> _Data listing_:

»»

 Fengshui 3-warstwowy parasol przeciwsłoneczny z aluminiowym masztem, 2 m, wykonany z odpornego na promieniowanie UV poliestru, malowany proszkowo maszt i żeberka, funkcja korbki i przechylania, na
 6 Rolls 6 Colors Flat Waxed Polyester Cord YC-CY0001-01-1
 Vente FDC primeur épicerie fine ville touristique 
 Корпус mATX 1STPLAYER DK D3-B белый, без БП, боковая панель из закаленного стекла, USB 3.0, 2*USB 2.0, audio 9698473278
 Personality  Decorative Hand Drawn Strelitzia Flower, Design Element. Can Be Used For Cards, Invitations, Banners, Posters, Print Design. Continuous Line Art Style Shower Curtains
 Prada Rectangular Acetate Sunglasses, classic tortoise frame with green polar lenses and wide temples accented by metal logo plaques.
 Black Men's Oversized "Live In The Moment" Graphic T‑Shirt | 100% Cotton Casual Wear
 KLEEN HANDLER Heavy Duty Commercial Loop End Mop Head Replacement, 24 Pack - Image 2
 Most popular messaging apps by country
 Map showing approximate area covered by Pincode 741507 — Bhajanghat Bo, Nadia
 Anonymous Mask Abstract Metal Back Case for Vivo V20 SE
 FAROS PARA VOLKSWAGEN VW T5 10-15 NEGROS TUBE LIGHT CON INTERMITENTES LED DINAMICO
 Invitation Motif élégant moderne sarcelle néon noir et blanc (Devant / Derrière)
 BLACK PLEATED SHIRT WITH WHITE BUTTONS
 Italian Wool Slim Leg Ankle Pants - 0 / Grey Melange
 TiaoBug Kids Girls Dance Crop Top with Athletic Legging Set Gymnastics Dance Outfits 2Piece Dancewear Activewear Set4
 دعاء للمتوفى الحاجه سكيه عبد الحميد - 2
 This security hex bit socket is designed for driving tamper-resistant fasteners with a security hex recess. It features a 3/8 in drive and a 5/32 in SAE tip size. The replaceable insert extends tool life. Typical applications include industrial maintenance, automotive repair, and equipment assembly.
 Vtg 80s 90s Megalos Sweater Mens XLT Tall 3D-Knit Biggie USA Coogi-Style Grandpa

««

> _How to complete this task_: Word for word and line for line, give the material again.

> _Exercise answer_:
 Fengshui 3-warstwowy parasol przeciwsłoneczny z aluminiowym masztem, 2 m, wykonany z odpornego na promieniowanie UV poliestru, malowany proszkowo maszt i żeberka, funkcja korbki i przechylania, na
 6 Rolls 6 Colors Flat Waxed Polyester Cord YC-CY0001-01-1
 Vente FDC primeur épicerie fine ville touristique 
 Корпус mATX 1STPLAYER DK D3-B белый, без БП, боковая панель из закаленного стекла, USB 3.0, 2*USB 2.0, audio 9698473278
 Personality  Decorative Hand Drawn Strelitzia Flower, Design Element. Can Be Used For Cards, Invitations, Banners, Posters, Print Design. Continuous Line Art Style Shower Curtains
 Prada Rectangular Acetate Sunglasses, classic tortoise frame with green polar lenses and wide temples accented by metal logo plaques.
 Black Men's Oversized "Live In The Moment" Graphic T‑Shirt | 100% Cotton Casual Wear
 KLEEN HANDLER Heavy Duty Commercial Loop End Mop Head Replacement, 24 Pack - Image 2
 Most popular messaging apps by country
 Map showing approximate area covered by Pincode 741507 — Bhajanghat Bo, Nadia
 Anonymous Mask Abstract Metal Back Case for Vivo V20 SE
 FAROS PARA VOLKSWAGEN VW T5 10-15 NEGROS TUBE LIGHT CON INTERMITENTES LED DINAMICO
 Invitation Motif élégant moderne sarcelle néon noir et blanc (Devant / Derrière)
 BLACK PLEATED SHIRT WITH WHITE BUTTONS
 Italian Wool Slim Leg Ankle Pants - 0 / Grey Melange
 TiaoBug Kids Girls Dance Crop Top with Athletic Legging Set Gymnastics Dance Outfits 2Piece Dancewear Activewear Set4
 دعاء للمتوفى الحاجه سكيه عبد الحميد - 2
 This security hex bit socket is designed for driving tamper-resistant fasteners with a security hex recess. It features a 3/8 in drive and a 5/32 in SAE tip size. The replaceable insert extends tool life. Typical applications include industrial maintenance, automotive repair, and equipment assembly.
 Vtg 80s 90s Megalos Sweater Mens XLT Tall 3D-Knit Biggie USA Coogi-Style Grandpa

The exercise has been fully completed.